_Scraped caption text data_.
- Opening Delimiter -
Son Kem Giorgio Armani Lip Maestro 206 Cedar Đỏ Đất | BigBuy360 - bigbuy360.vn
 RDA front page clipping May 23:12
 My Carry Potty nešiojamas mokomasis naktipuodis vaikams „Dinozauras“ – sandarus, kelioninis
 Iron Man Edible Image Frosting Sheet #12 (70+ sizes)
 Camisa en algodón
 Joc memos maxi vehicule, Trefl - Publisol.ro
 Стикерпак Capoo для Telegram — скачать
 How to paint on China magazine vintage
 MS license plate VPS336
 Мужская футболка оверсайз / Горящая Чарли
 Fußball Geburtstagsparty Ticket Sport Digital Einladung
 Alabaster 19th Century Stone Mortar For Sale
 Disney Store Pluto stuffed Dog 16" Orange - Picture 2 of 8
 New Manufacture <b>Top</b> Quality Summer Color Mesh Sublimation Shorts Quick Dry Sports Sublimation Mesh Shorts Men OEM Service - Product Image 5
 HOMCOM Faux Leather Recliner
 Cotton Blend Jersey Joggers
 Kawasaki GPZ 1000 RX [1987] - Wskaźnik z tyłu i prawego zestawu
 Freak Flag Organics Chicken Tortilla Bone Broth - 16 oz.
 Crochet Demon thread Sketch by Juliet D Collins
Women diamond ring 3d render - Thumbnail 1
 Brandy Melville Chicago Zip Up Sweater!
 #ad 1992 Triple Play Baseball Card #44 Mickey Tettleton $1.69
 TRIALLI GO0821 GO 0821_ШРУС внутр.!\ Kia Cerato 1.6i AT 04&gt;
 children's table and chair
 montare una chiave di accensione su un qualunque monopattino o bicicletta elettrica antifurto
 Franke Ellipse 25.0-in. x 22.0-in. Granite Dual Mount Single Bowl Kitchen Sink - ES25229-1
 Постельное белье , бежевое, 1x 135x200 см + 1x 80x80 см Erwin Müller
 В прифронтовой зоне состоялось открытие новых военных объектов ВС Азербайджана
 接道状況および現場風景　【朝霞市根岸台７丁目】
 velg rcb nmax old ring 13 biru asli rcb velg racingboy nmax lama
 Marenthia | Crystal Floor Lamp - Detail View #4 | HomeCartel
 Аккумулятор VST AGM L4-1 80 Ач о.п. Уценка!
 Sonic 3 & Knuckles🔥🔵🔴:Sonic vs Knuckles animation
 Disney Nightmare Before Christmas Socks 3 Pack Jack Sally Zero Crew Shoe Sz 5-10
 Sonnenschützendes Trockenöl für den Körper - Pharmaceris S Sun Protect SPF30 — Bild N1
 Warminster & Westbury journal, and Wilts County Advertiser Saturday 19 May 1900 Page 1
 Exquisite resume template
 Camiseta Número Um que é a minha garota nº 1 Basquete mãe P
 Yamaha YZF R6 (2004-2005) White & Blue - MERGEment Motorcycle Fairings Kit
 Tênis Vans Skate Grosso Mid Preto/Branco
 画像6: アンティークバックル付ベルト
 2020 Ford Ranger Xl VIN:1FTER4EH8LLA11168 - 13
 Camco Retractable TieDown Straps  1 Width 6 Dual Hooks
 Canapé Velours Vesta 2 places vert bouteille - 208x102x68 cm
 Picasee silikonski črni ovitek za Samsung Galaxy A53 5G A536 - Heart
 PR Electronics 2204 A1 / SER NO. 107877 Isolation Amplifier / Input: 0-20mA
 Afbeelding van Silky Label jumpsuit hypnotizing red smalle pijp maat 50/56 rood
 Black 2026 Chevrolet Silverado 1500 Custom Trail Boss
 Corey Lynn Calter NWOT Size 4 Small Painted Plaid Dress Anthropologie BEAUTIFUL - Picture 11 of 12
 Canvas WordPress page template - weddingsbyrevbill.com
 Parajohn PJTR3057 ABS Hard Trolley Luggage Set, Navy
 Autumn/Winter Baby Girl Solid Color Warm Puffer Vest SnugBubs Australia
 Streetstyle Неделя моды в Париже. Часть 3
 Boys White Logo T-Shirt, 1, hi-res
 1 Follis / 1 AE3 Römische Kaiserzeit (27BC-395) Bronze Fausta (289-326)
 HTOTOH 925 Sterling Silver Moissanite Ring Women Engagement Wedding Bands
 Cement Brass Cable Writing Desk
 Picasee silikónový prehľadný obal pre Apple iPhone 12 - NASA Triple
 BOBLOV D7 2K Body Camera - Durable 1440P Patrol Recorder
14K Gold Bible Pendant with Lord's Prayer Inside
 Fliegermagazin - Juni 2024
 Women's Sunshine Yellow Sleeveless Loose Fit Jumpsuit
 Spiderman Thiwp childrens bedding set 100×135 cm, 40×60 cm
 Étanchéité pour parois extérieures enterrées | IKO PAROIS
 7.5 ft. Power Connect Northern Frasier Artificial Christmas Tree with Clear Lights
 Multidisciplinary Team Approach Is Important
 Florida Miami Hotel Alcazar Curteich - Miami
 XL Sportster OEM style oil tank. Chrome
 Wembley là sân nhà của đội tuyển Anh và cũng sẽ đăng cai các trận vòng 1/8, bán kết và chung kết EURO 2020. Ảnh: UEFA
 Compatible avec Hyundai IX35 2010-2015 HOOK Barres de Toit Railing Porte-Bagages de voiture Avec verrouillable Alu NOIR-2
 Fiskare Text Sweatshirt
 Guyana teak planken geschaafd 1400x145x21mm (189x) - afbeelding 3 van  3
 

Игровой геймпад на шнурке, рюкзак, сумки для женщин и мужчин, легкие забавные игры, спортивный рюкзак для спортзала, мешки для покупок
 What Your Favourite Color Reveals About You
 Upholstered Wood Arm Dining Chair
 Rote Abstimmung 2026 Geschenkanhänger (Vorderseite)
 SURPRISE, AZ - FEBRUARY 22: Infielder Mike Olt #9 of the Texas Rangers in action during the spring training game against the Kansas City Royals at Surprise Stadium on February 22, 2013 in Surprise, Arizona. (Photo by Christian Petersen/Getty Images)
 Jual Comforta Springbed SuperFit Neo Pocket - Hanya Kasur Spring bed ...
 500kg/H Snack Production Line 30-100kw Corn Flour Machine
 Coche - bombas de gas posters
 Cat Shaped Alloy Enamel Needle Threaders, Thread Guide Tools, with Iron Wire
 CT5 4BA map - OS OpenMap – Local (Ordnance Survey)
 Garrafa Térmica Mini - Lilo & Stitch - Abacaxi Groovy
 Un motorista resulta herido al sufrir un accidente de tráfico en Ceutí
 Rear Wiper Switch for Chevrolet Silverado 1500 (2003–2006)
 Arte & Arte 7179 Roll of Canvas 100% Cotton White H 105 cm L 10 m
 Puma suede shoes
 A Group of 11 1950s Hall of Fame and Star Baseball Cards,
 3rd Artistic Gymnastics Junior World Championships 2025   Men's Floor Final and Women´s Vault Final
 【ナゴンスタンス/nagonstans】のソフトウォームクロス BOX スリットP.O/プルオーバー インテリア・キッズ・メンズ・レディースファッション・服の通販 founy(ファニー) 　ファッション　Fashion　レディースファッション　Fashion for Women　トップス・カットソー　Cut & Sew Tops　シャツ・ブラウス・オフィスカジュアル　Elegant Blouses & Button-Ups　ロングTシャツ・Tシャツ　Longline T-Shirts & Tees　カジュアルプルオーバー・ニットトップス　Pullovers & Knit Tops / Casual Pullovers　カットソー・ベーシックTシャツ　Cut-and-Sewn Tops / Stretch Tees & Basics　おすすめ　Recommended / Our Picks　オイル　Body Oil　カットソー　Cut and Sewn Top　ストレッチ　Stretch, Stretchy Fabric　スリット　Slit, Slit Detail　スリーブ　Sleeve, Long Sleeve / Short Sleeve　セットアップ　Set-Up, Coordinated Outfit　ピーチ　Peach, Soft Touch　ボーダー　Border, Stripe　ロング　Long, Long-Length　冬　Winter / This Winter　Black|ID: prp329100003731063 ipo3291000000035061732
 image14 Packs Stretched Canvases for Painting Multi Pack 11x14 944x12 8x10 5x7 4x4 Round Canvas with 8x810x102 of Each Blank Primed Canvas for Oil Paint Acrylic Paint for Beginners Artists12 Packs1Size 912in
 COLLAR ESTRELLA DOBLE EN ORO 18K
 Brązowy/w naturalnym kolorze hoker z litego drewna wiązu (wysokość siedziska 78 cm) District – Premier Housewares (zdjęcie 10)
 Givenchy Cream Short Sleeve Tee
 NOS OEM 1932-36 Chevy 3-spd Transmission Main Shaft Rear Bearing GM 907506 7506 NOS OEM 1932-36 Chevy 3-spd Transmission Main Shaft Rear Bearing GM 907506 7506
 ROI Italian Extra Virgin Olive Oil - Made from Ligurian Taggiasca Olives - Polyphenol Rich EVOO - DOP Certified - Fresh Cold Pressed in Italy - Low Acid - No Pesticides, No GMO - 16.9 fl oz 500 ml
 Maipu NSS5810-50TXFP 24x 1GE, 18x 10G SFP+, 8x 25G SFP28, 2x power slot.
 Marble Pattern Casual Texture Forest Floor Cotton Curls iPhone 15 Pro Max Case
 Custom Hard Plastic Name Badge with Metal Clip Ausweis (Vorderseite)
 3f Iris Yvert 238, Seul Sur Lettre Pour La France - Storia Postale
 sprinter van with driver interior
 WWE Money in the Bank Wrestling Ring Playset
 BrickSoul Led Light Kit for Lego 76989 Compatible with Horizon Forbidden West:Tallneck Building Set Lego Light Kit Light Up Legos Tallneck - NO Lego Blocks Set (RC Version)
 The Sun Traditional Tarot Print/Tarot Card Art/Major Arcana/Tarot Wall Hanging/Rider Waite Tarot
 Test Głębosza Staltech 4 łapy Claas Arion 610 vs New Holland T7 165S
- Closing Delimiter -
Show a copy of each line from the records above in which the string "Dual" occurs.

 Franke Ellipse 25.0-in. x 22.0-in. Granite Dual Mount Single Bowl Kitchen Sink - ES25229-1
 Camco Retractable TieDown Straps  1 Width 6 Dual Hooks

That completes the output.